I did not know that thats what trauma does to one. When you run away from danger like you would have in ancient years from a lion attac you would not have cared so much about how well loved you are, if the Universe works against or for you or that you yourself are enough. The only thing on your mind is the question “Is that what I am doing good enough to survive or will dying be painful?”. And now, when trauma strikes, you are stuck there. You either couldnt or didnt response to your inner fight or flight response and therefor you dont feel like the danger is over – ever. I didnt know all this and I also didnt know that I was even traumatized or what trauma actually is, all I knew was that I felt like I failed myself and did not know how to get back to place of joy, love and light.

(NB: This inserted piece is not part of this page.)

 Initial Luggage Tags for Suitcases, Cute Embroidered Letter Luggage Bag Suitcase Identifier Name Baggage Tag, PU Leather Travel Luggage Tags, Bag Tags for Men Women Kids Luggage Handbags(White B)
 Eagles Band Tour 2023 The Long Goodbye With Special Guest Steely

I tried my hardest to get back to that inner place of light and I had all those pictures in my head that “when I finish school, then I will be confident again”, “when I have overcome this and that, then I will feel the light and joy again and start sharing my story with the world, but until I am back there I am not good enough.” Knowing that before all this pain and trauma hit, I did not get my light, positivety and strenght from any outside archivments or acknowlegments but from the inside. From knowing who I was and trusting in the Universe and that I would be ok. Whatever happened – I was very sure that I would be ok, work hard and enjoy whatever circumstances I would be in.
Now though, I was connecting my inner peace with the outside circumstances… surely if they change then something inside will change too.

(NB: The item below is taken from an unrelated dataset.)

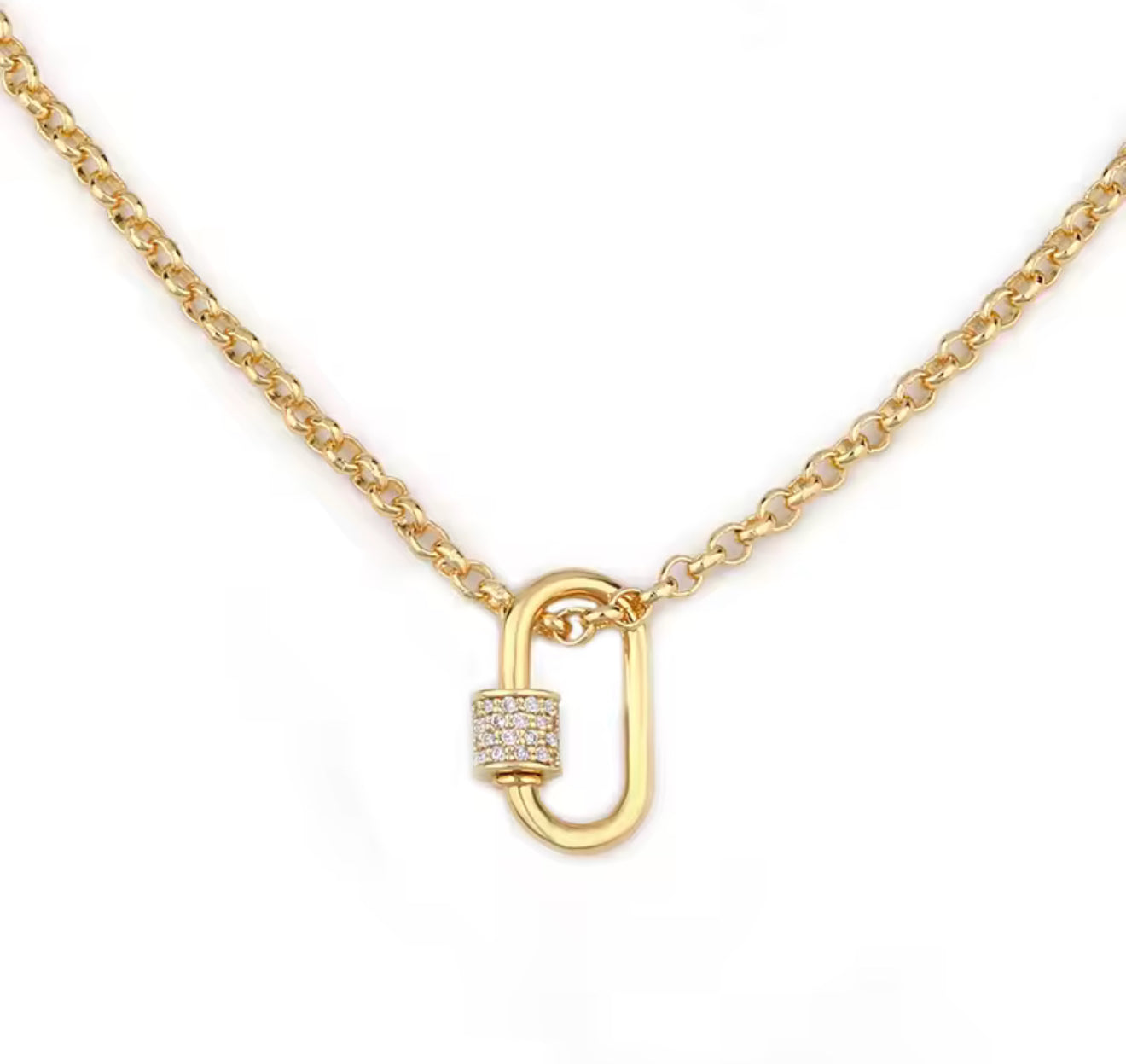Gold Lock Necklace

Here is the things that does not work though: EARNING that peace and light and love and joy! It is there no matter what and for you and me to step in to. There may be things that hinder me to step into it, like trauma, feeling undeserving or outside influences and it is my very own choice to do the work to get rid of those, but not a thing I do or will do makes me deserve or undeserving to trust the universe, live from a place of peace, joy and light.

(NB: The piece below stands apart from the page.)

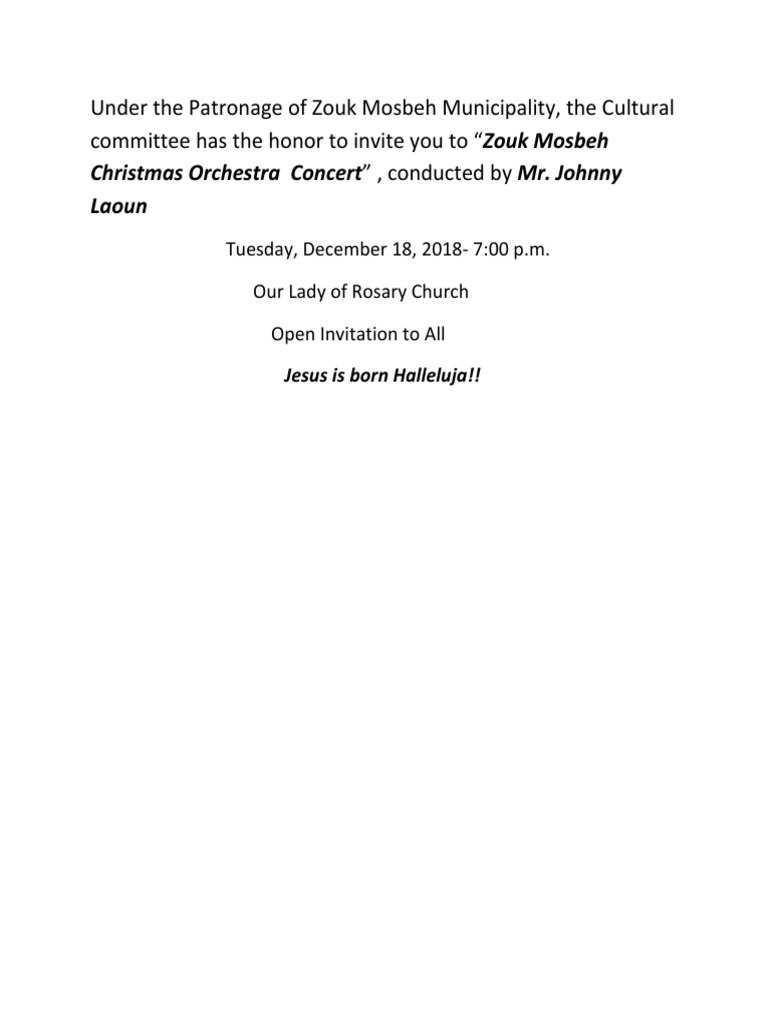 Under The Patronage of Zouk Mosbeh Municipality PDF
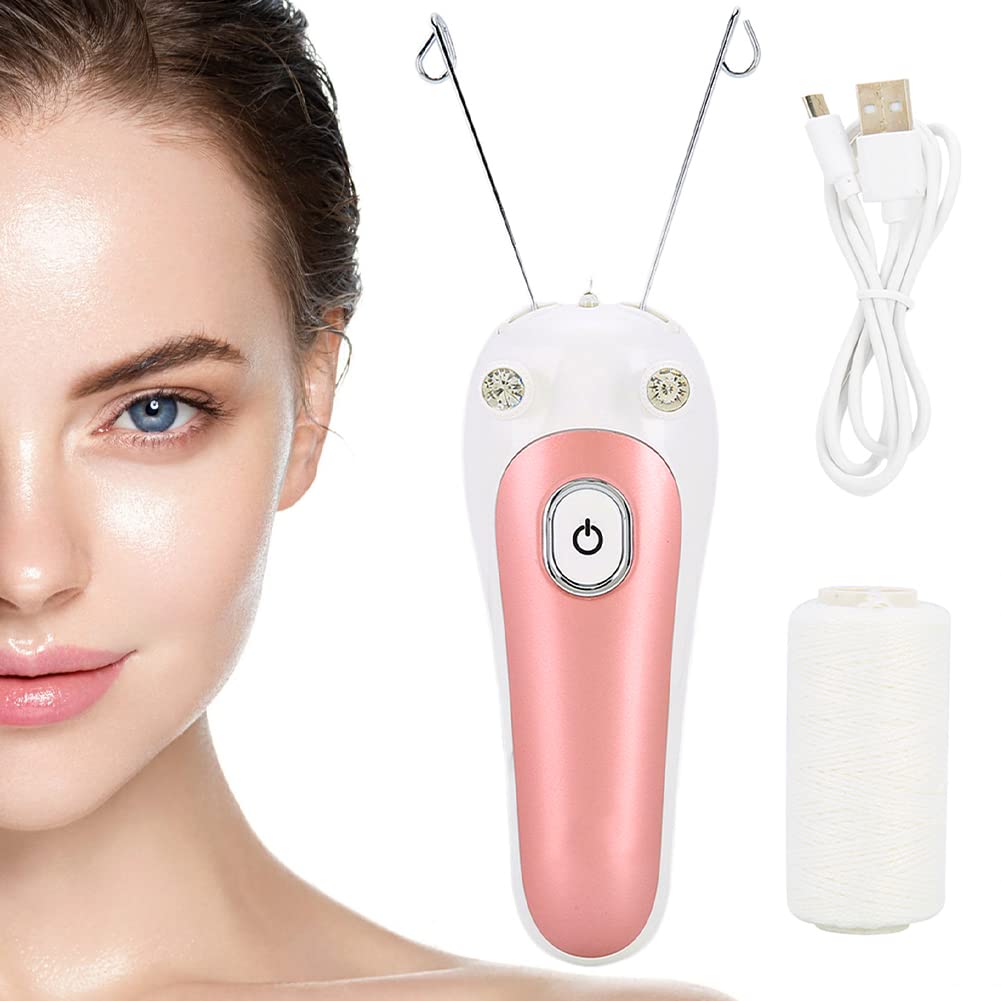 Electric Facial Threading Hair Removal for Women, Threading Hair Removal Epilator for Women, Threading Face Epilator for Fine Hairs on Face, Chin, Upper Lip, Arms, Legs(Pink)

I am enough no matter what! I am loved no matter what! I will be ok and filled with peace and joy no matter what! NO MATTER WHAT! No past experience, not a thing that needs work nor a skill I may be lacking makes me undeserving of light and joy!! I may have all the joy and light in this world because I choose to walk in faith, led by curiosity and the utter believe that everything, including me and every detail of my story and my day has a purpose and is an opportunity to teach me something. Now and not when I hit a certain milestone.
Do the freaking work but trust and love and let the light in!